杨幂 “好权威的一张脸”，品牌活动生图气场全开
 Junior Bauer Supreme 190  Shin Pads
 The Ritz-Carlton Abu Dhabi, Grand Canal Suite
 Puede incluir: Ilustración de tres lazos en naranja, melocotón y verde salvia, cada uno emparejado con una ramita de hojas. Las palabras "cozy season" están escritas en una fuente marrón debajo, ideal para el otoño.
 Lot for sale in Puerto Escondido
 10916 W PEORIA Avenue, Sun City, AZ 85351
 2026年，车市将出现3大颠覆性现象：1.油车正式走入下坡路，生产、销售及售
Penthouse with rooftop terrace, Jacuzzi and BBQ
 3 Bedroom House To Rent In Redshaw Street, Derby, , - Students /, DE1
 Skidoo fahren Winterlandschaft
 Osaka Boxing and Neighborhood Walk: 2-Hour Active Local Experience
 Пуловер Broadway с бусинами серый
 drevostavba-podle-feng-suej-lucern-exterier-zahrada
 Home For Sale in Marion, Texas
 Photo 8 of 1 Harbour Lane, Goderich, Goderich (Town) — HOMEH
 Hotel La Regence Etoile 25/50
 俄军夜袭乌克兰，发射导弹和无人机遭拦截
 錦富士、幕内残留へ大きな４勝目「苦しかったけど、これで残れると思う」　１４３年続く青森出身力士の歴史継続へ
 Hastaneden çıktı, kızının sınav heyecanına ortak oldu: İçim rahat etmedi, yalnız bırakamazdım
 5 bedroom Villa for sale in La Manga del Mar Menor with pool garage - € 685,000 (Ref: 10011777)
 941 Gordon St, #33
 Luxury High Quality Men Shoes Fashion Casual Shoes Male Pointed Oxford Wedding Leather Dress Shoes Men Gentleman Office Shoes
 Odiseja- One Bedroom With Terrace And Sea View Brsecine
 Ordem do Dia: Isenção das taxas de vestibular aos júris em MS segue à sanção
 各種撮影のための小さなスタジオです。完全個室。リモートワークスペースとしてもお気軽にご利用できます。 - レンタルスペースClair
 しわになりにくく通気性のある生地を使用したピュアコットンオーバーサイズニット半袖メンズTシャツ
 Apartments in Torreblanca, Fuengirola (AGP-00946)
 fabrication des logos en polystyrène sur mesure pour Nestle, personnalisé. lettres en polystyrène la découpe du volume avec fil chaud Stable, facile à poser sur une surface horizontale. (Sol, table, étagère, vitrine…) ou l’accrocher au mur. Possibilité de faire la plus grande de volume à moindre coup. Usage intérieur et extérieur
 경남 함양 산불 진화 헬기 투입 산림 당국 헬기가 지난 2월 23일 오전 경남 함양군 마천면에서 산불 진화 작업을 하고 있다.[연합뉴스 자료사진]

Your task: All of the records above should be repeated exactly.

Reply:
杨幂 “好权威的一张脸”，品牌活动生图气场全开
 Junior Bauer Supreme 190  Shin Pads
 The Ritz-Carlton Abu Dhabi, Grand Canal Suite
 Puede incluir: Ilustración de tres lazos en naranja, melocotón y verde salvia, cada uno emparejado con una ramita de hojas. Las palabras "cozy season" están escritas en una fuente marrón debajo, ideal para el otoño.
 Lot for sale in Puerto Escondido
 10916 W PEORIA Avenue, Sun City, AZ 85351
 2026年，车市将出现3大颠覆性现象：1.油车正式走入下坡路，生产、销售及售
Penthouse with rooftop terrace, Jacuzzi and BBQ
 3 Bedroom House To Rent In Redshaw Street, Derby, , - Students /, DE1
 Skidoo fahren Winterlandschaft
 Osaka Boxing and Neighborhood Walk: 2-Hour Active Local Experience
 Пуловер Broadway с бусинами серый
 drevostavba-podle-feng-suej-lucern-exterier-zahrada
 Home For Sale in Marion, Texas
 Photo 8 of 1 Harbour Lane, Goderich, Goderich (Town) — HOMEH
 Hotel La Regence Etoile 25/50
 俄军夜袭乌克兰，发射导弹和无人机遭拦截
 錦富士、幕内残留へ大きな４勝目「苦しかったけど、これで残れると思う」　１４３年続く青森出身力士の歴史継続へ
 Hastaneden çıktı, kızının sınav heyecanına ortak oldu: İçim rahat etmedi, yalnız bırakamazdım
 5 bedroom Villa for sale in La Manga del Mar Menor with pool garage - € 685,000 (Ref: 10011777)
 941 Gordon St, #33
 Luxury High Quality Men Shoes Fashion Casual Shoes Male Pointed Oxford Wedding Leather Dress Shoes Men Gentleman Office Shoes
 Odiseja- One Bedroom With Terrace And Sea View Brsecine
 Ordem do Dia: Isenção das taxas de vestibular aos júris em MS segue à sanção
 各種撮影のための小さなスタジオです。完全個室。リモートワークスペースとしてもお気軽にご利用できます。 - レンタルスペースClair
 しわになりにくく通気性のある生地を使用したピュアコットンオーバーサイズニット半袖メンズTシャツ
 Apartments in Torreblanca, Fuengirola (AGP-00946)
 fabrication des logos en polystyrène sur mesure pour Nestle, personnalisé. lettres en polystyrène la découpe du volume avec fil chaud Stable, facile à poser sur une surface horizontale. (Sol, table, étagère, vitrine…) ou l’accrocher au mur. Possibilité de faire la plus grande de volume à moindre coup. Usage intérieur et extérieur
 경남 함양 산불 진화 헬기 투입 산림 당국 헬기가 지난 2월 23일 오전 경남 함양군 마천면에서 산불 진화 작업을 하고 있다.[연합뉴스 자료사진]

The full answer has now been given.